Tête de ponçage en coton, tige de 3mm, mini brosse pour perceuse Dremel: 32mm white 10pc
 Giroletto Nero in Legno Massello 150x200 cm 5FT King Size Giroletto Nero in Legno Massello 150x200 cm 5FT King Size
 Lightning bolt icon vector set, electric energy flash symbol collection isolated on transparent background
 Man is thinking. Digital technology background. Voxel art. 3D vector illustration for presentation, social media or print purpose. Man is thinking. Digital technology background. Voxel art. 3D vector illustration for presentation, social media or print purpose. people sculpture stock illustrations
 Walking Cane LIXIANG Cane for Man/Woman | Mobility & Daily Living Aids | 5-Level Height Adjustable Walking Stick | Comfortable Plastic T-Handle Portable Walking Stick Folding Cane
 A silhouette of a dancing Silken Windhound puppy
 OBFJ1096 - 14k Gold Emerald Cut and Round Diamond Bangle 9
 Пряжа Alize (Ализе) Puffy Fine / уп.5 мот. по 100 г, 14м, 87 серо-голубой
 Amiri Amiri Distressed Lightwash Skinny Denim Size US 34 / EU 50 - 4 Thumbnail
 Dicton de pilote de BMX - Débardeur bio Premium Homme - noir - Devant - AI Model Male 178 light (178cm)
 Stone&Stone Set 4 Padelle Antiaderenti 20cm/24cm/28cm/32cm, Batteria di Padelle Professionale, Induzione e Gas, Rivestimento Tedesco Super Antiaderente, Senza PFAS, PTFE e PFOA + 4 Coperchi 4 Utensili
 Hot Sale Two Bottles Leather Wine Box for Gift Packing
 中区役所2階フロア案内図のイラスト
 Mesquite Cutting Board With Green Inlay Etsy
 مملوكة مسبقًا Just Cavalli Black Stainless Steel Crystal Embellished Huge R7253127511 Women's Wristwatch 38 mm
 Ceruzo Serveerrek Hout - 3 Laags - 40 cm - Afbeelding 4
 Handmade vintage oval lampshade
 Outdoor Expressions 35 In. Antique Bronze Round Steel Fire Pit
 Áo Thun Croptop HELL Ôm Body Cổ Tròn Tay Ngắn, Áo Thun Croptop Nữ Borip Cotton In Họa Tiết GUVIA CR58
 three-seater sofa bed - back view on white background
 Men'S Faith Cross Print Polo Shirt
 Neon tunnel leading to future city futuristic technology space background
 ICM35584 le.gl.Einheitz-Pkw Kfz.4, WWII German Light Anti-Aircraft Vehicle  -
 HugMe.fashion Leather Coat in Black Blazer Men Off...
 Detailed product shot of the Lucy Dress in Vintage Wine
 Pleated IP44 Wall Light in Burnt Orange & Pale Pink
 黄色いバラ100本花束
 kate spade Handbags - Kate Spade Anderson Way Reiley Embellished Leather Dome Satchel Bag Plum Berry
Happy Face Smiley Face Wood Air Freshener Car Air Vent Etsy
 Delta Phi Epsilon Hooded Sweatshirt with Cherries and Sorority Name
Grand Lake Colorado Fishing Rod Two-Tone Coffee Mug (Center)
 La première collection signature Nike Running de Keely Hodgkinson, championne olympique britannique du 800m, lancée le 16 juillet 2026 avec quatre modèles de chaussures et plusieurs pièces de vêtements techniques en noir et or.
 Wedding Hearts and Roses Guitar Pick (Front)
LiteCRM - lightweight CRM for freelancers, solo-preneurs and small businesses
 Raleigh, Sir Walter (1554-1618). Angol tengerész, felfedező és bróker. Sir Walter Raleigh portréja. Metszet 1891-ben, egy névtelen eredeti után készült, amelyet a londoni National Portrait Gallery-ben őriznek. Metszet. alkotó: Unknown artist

========================

• WHAT NEEDS TO BE DONE:
Please give back, exactly as it stands above, the stretch from the line with "Outdoor Expressions 35" through the line with "Grand Lake Colorado", and no line outside it.

• RESPONSE:
 Outdoor Expressions 35 In. Antique Bronze Round Steel Fire Pit
 Áo Thun Croptop HELL Ôm Body Cổ Tròn Tay Ngắn, Áo Thun Croptop Nữ Borip Cotton In Họa Tiết GUVIA CR58
 three-seater sofa bed - back view on white background
 Men'S Faith Cross Print Polo Shirt
 Neon tunnel leading to future city futuristic technology space background
 ICM35584 le.gl.Einheitz-Pkw Kfz.4, WWII German Light Anti-Aircraft Vehicle  -
 HugMe.fashion Leather Coat in Black Blazer Men Off...
 Detailed product shot of the Lucy Dress in Vintage Wine
 Pleated IP44 Wall Light in Burnt Orange & Pale Pink
 黄色いバラ100本花束
 kate spade Handbags - Kate Spade Anderson Way Reiley Embellished Leather Dome Satchel Bag Plum Berry
Happy Face Smiley Face Wood Air Freshener Car Air Vent Etsy
 Delta Phi Epsilon Hooded Sweatshirt with Cherries and Sorority Name
Grand Lake Colorado Fishing Rod Two-Tone Coffee Mug (Center)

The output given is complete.